Loder, whose son had Tourette’s syndrome, also became actively involved with other families struggling with the neurological condition that causes unwanted sounds and tics. Along with Ross Preville, then president of the Florida chapter of the Tourette Syndrome Association, he helped launch a weekend event for families held every February in Brandon.

"We did it for years and John provided all the food," said Preville, a Raymond James executive whose son also had Tourette’s.

Loder never entirely left the food business. Three years ago in Treasure Island, he and Faust opened Captain Bill’s Beach Kitchen — the name of the first restaurant his father started after the family moved from New Jersey in the 1960s.

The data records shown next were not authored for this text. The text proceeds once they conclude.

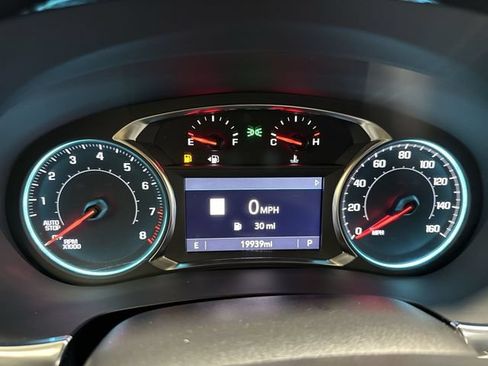 Used 2023 Chevrolet Traverse LT w/ LT Premium Package AWD/4WD image 17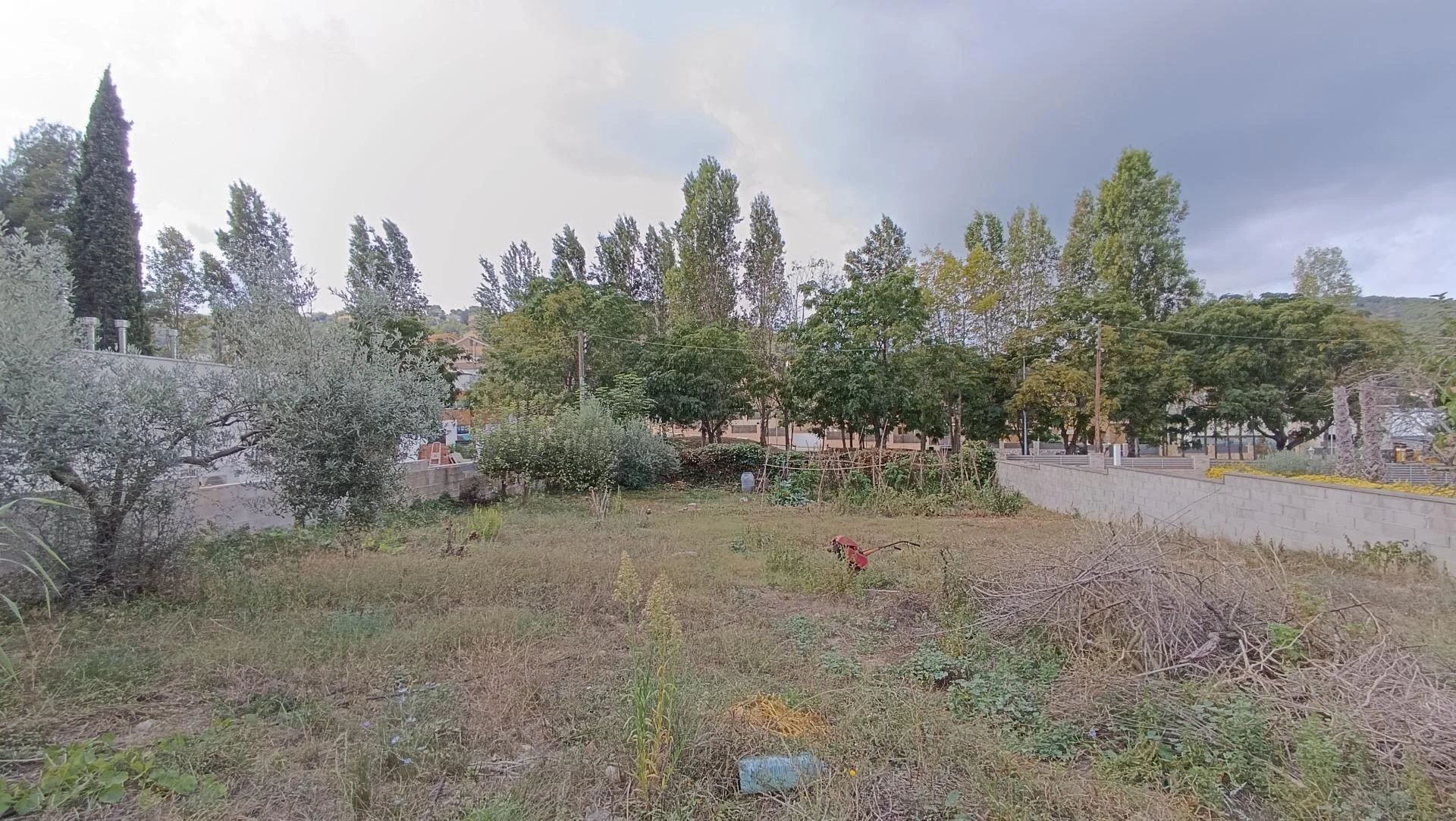 Parcela urbana en Canyelles, 658 m²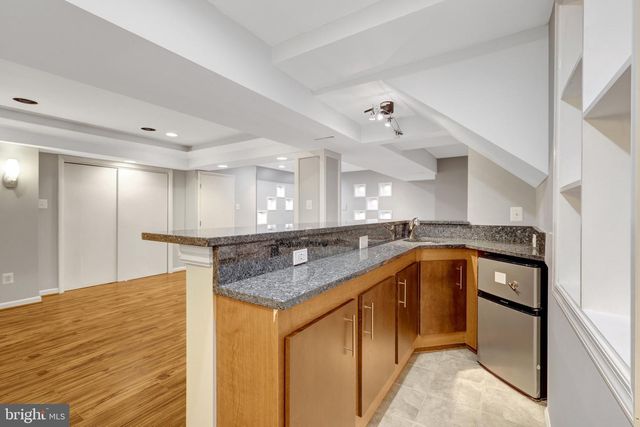 8995 PARLIAMENT DR, Burke, VA 22015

And former Tampa Bay Times reporter Scott Baranick, who once covered Loder’s troubles as a developer, was surprised to find him in the kitchen at St. Petersburg’s Temple Beth-el a few years ago helping him and other men do the cooking for an event.

"With all that restaurant experience, he could not have been nicer or more humble,’’ said Baranick, who also remembers Loder as unfailingly polite even when asked tough questions.

Loder didn’t know he had Jewish roots until he discovered that his maternal grandparents had changed their name from Rubenstein to Rubinski after fleeing persecution in Poland. He and Faust, who is Jewish, began going to Temple Beth-el, where he joined the fund-raising Boyz in the Hood culinary group.

"Johnny could handle anything you threw at him and brought a sense of fun and great humor every time he was in the kitchen," said Lewis Kroll, who was in the restaurant supply business when he first met Loder through Crabby Bill’s. "He had the ability all his life to make you smile."